There are special cases where equivalence is decidable, the best-known example is probably equivalence of finite state automata. If I remember correctly equivalence of pushdown automata is already undecidable by reduction to Post's Correspondence Problem.
To prove that two given functions are equivalent you would require as input a proof of the equivalence in some formalism, which you can then check for correctness. The essential parts of this proof are the loop invariants, as these cannot be derived automatically.
In the general case it's undecidable whether two turing machines have always the same output for the identical input. Since you can't even decide whether a tm will halt on the input, I don't see how it should be possible to decide whether both halt AND output the same result...
It depends on what you mean by "function."
If the functions you are talking about are guaranteed to terminate -- for example, because they are written in a language in which all functions terminate -- and operate over finite domains, it's "easy" (although it might still take a very, very long time): two functions are equivalent if and only if they have the same value at every point in their shared domain.
This is called "extensional" equivalence to distinguish it from syntactic or "intensional" equivalence. Two functions are extensionally equivalent if they are intensionally equivalent, but the converse does not hold.
(All the other people above noting that it is undecidable in the general case are quite correct, of course, this is a fairly uncommon -- and usually uninteresting in practice -- special case.)
Note that the halting problem is decidable for linear bounded automata. Real computers are always bounded, and programs for them will always loop back to a previous configuration after sufficiently many steps. If you are using an unbounded (imaginary) computer to keep track of the configurations, you can detect that looping and take it into account.
You could check in your compiler to see if they are "exactly" identical, sure, but determining if they return identical values would be difficult and time consuming. You would have to basically call that method and perform its routine over an infinite number of possible calls and compare the value with that from the other routine.
Even if you could do the above, you would have to account for what global values change within the function, what objects are destroyed / changed in the function that do not affect the outcome.
You can really only compare the compiled code. So compile the compiled code to refactor?

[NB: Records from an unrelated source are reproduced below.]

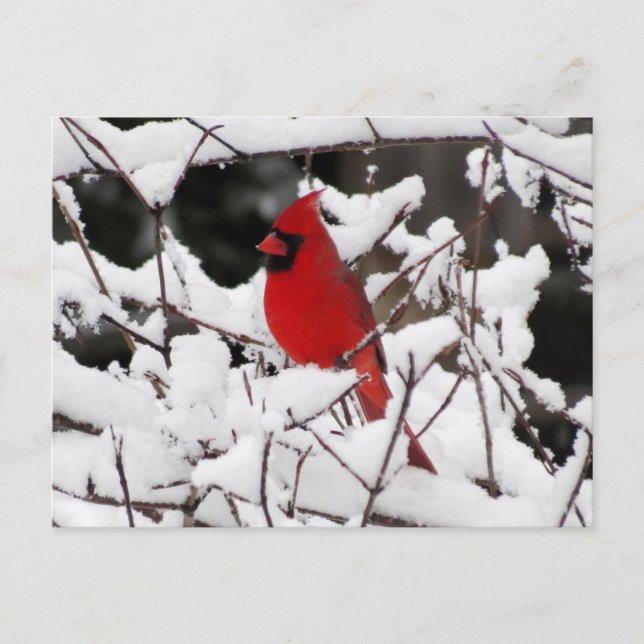Postal Cardenal en Nieve - Ave (Anverso)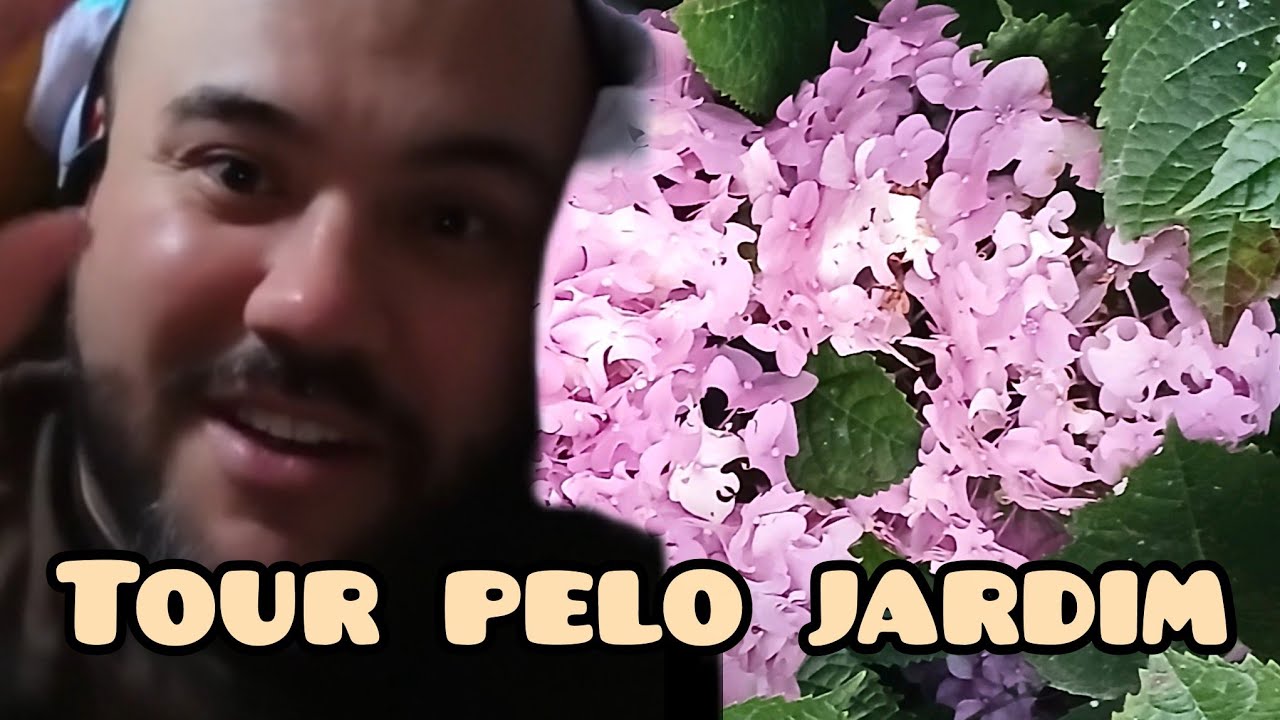 Tour pelo jardim ,plantas e flores bonitas 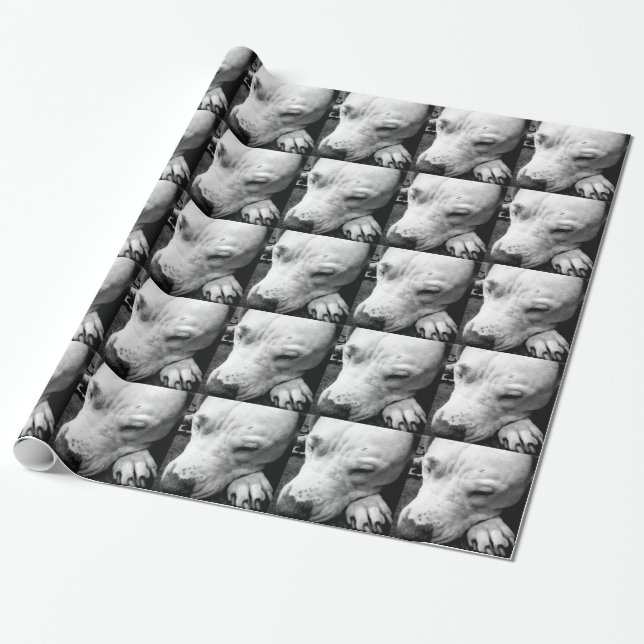 Papel De Regalo cicatriz de harry potter perro pit bull blanco (Desenrollado)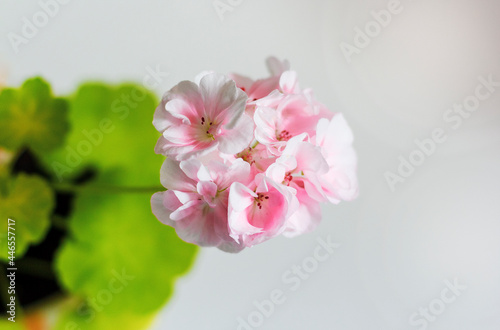 White background - geranium with pink flowers. Focus on colors. Place to write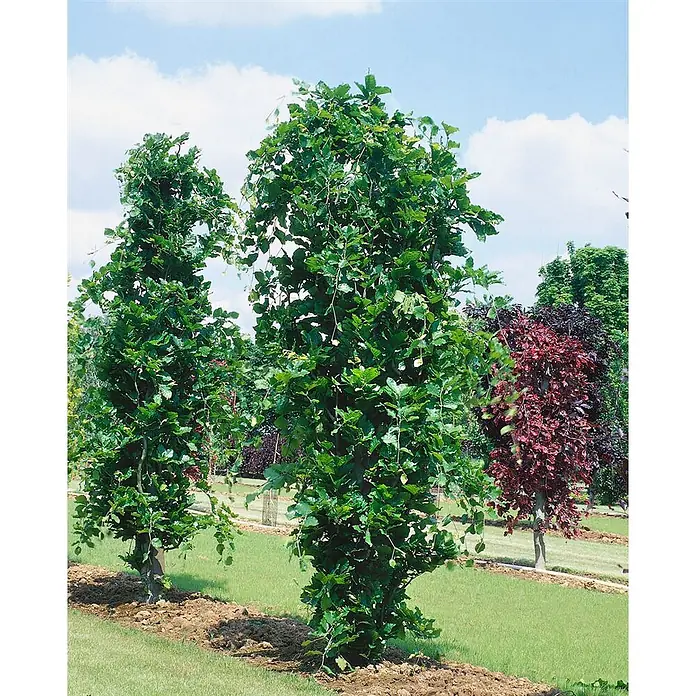 Pflanzen für dich Rotbuche 125-150 cm - Fagus sylvatica 'Dawyck', Aktuelle Wuchshöhe: 125 cm - 150 cm - Zwei hohe, schlanke grüne Bäume mit dichtem Laub, in einer Baumschule gepflanzt.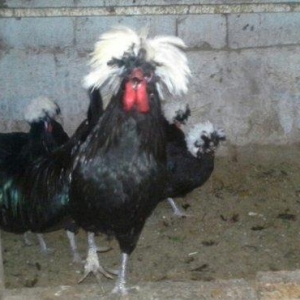 Rahibə cücələri satıram. təmiz arginal cinslərdi. Qiyməti son qiymət y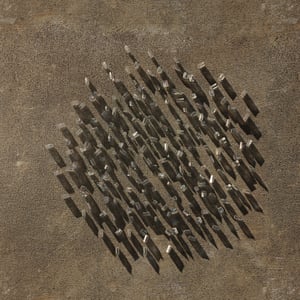 crystalline work (arctic) 7.5.292.1 thumbnail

Imagine the run time on trying to compile the code with "that" compiler. You could spend a LOT of time on here answering questions saying: "busy compiling..." :)
I think if you allow side effects, you can show that the problem can be morphed into the Post correspondence problem so you can't, in general, show if two functions are even capable of having the same side effects.
Is it impossible to know if two functions are equivalent?
No. It is possible to know that two functions are equivalent. If you have f(x), you know f(x) is equivalent to f(x).
If the question is "it is possible to determine if f(x) and g(x) are equivalent with f and g being any function and for all functions g and f", then the answer is no.
However, if the question is "can a compiler determine that if f(x) and g(x) are equivalent that they are equivalent?", then the answer is yes if they are equivalent in both output and side effects and order of side effects. In other words, if one is a transformation of the other that preserves behavior, then a compiler of sufficient complexity should be able to detect it. It also means that the compiler can transform a function f into a more optimal and equivalent function g given a particular definition of equivalent. It gets even more fun if f includes undefined behavior, because then g can also include undefined (but different) behavior!